To do: In your copy, include every entry exactly as written but no pictures.

Material provided Block Start

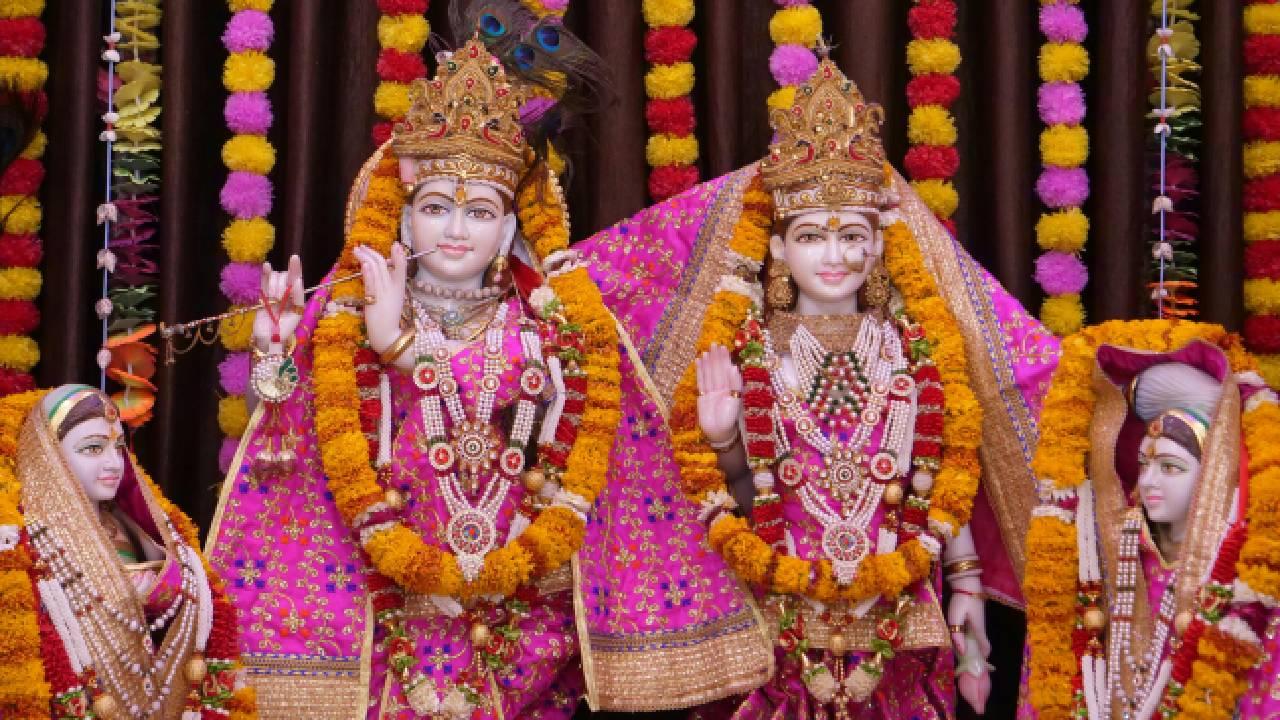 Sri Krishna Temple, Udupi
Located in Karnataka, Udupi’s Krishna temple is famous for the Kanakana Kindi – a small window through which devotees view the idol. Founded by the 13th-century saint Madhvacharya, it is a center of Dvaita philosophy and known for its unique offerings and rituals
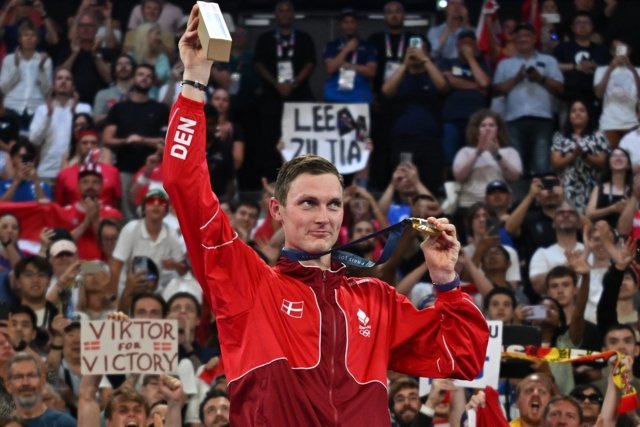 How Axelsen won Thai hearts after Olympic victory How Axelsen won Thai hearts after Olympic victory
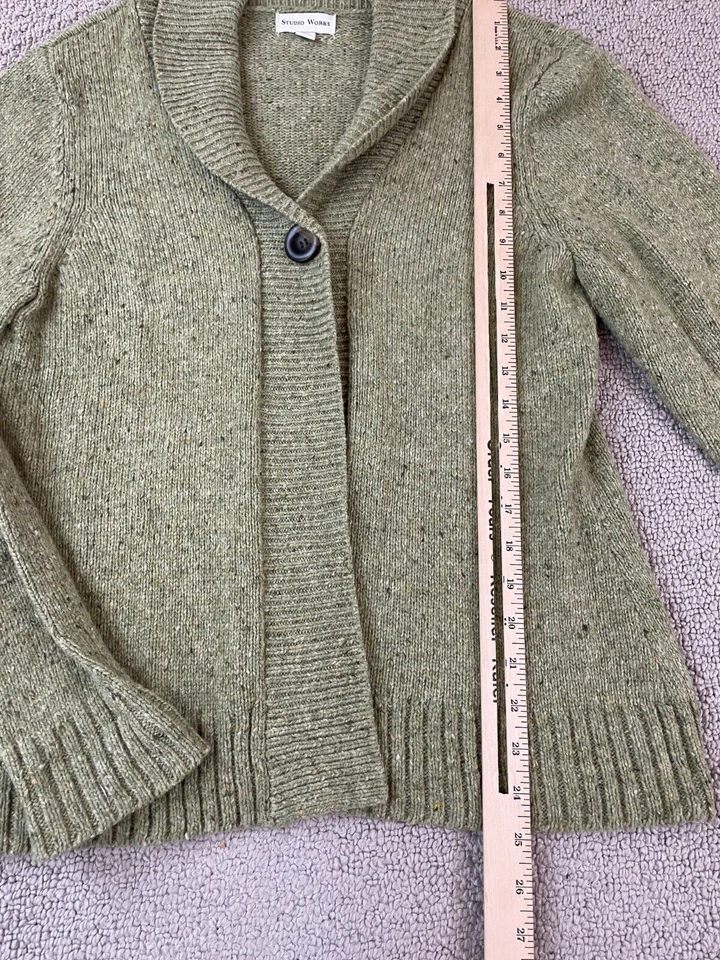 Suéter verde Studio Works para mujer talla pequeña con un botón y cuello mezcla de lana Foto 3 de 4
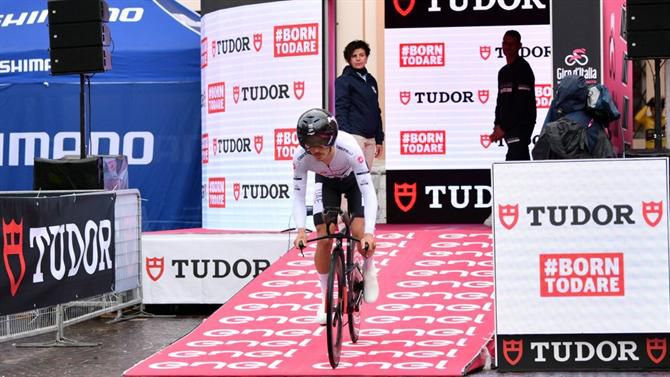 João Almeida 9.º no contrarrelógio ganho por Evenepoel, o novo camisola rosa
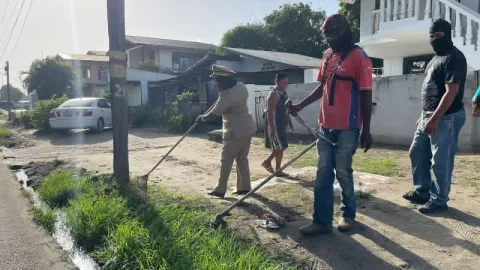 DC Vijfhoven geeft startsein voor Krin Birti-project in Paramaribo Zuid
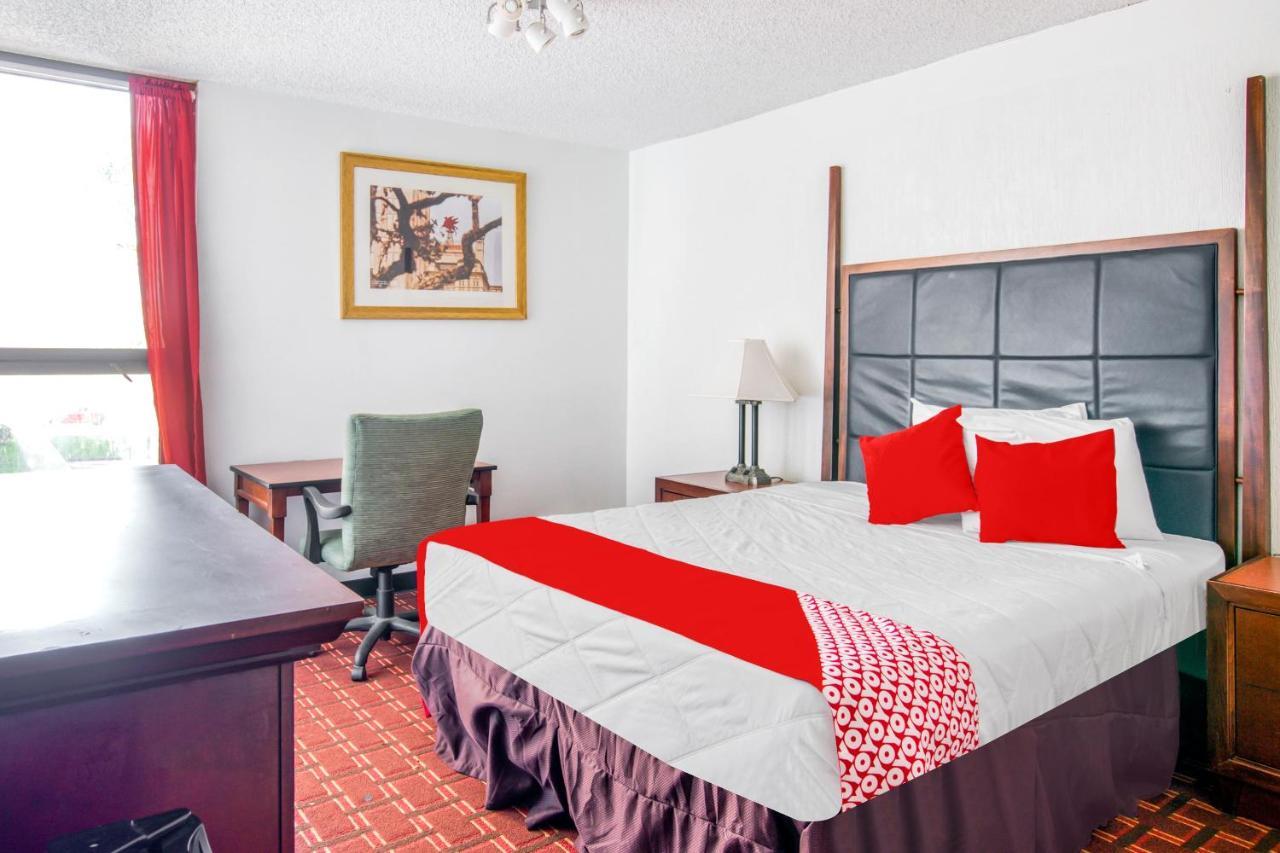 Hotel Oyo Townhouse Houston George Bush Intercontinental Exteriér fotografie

Material provided Block End

Worked solution:
 Sri Krishna Temple, Udupi
Located in Karnataka, Udupi’s Krishna temple is famous for the Kanakana Kindi – a small window through which devotees view the idol. Founded by the 13th-century saint Madhvacharya, it is a center of Dvaita philosophy and known for its unique offerings and rituals
 How Axelsen won Thai hearts after Olympic victory How Axelsen won Thai hearts after Olympic victory
 Suéter verde Studio Works para mujer talla pequeña con un botón y cuello mezcla de lana Foto 3 de 4
 João Almeida 9.º no contrarrelógio ganho por Evenepoel, o novo camisola rosa
 DC Vijfhoven geeft startsein voor Krin Birti-project in Paramaribo Zuid
 Hotel Oyo Townhouse Houston George Bush Intercontinental Exteriér fotografie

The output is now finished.